------ Provided data

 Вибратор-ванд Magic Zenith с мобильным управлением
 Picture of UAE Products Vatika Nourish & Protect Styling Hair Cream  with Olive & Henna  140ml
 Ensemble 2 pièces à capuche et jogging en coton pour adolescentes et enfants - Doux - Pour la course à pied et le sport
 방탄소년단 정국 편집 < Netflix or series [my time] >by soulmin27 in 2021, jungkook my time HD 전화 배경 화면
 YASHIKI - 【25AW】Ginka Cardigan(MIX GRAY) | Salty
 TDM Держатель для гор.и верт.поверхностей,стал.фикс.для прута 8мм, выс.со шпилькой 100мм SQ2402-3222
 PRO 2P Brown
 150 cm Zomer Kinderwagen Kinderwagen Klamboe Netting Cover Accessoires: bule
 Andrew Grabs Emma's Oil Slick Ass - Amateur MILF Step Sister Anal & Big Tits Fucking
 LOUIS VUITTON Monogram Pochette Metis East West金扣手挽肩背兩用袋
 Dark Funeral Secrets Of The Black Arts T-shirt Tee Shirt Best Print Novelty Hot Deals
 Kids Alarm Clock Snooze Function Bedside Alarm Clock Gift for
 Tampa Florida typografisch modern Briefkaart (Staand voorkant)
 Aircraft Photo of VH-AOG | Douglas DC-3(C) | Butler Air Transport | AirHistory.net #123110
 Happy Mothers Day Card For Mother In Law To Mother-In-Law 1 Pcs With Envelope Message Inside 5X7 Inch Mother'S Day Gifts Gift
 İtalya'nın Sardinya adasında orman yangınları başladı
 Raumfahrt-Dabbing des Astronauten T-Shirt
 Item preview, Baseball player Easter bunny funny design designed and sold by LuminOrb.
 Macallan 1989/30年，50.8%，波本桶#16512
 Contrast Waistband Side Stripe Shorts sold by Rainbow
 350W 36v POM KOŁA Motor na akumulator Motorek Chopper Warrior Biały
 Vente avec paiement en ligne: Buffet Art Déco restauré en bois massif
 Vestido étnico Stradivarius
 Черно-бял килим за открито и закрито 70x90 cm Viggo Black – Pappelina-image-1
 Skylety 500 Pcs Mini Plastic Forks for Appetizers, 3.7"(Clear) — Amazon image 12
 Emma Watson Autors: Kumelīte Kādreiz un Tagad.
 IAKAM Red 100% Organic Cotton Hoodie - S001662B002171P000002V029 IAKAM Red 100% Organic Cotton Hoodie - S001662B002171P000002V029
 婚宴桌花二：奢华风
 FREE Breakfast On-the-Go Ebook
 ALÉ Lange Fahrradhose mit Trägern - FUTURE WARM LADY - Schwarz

------------

What you should do:
Set out every record in full, exactly as given.

Your solution:
 Вибратор-ванд Magic Zenith с мобильным управлением
 Picture of UAE Products Vatika Nourish & Protect Styling Hair Cream  with Olive & Henna  140ml
 Ensemble 2 pièces à capuche et jogging en coton pour adolescentes et enfants - Doux - Pour la course à pied et le sport
 방탄소년단 정국 편집 < Netflix or series [my time] >by soulmin27 in 2021, jungkook my time HD 전화 배경 화면
 YASHIKI - 【25AW】Ginka Cardigan(MIX GRAY) | Salty
 TDM Держатель для гор.и верт.поверхностей,стал.фикс.для прута 8мм, выс.со шпилькой 100мм SQ2402-3222
 PRO 2P Brown
 150 cm Zomer Kinderwagen Kinderwagen Klamboe Netting Cover Accessoires: bule
 Andrew Grabs Emma's Oil Slick Ass - Amateur MILF Step Sister Anal & Big Tits Fucking
 LOUIS VUITTON Monogram Pochette Metis East West金扣手挽肩背兩用袋
 Dark Funeral Secrets Of The Black Arts T-shirt Tee Shirt Best Print Novelty Hot Deals
 Kids Alarm Clock Snooze Function Bedside Alarm Clock Gift for
 Tampa Florida typografisch modern Briefkaart (Staand voorkant)
 Aircraft Photo of VH-AOG | Douglas DC-3(C) | Butler Air Transport | AirHistory.net #123110
 Happy Mothers Day Card For Mother In Law To Mother-In-Law 1 Pcs With Envelope Message Inside 5X7 Inch Mother'S Day Gifts Gift
 İtalya'nın Sardinya adasında orman yangınları başladı
 Raumfahrt-Dabbing des Astronauten T-Shirt
 Item preview, Baseball player Easter bunny funny design designed and sold by LuminOrb.
 Macallan 1989/30年，50.8%，波本桶#16512
 Contrast Waistband Side Stripe Shorts sold by Rainbow
 350W 36v POM KOŁA Motor na akumulator Motorek Chopper Warrior Biały
 Vente avec paiement en ligne: Buffet Art Déco restauré en bois massif
 Vestido étnico Stradivarius
 Черно-бял килим за открито и закрито 70x90 cm Viggo Black – Pappelina-image-1
 Skylety 500 Pcs Mini Plastic Forks for Appetizers, 3.7"(Clear) — Amazon image 12
 Emma Watson Autors: Kumelīte Kādreiz un Tagad.
 IAKAM Red 100% Organic Cotton Hoodie - S001662B002171P000002V029 IAKAM Red 100% Organic Cotton Hoodie - S001662B002171P000002V029
 婚宴桌花二：奢华风
 FREE Breakfast On-the-Go Ebook
 ALÉ Lange Fahrradhose mit Trägern - FUTURE WARM LADY - Schwarz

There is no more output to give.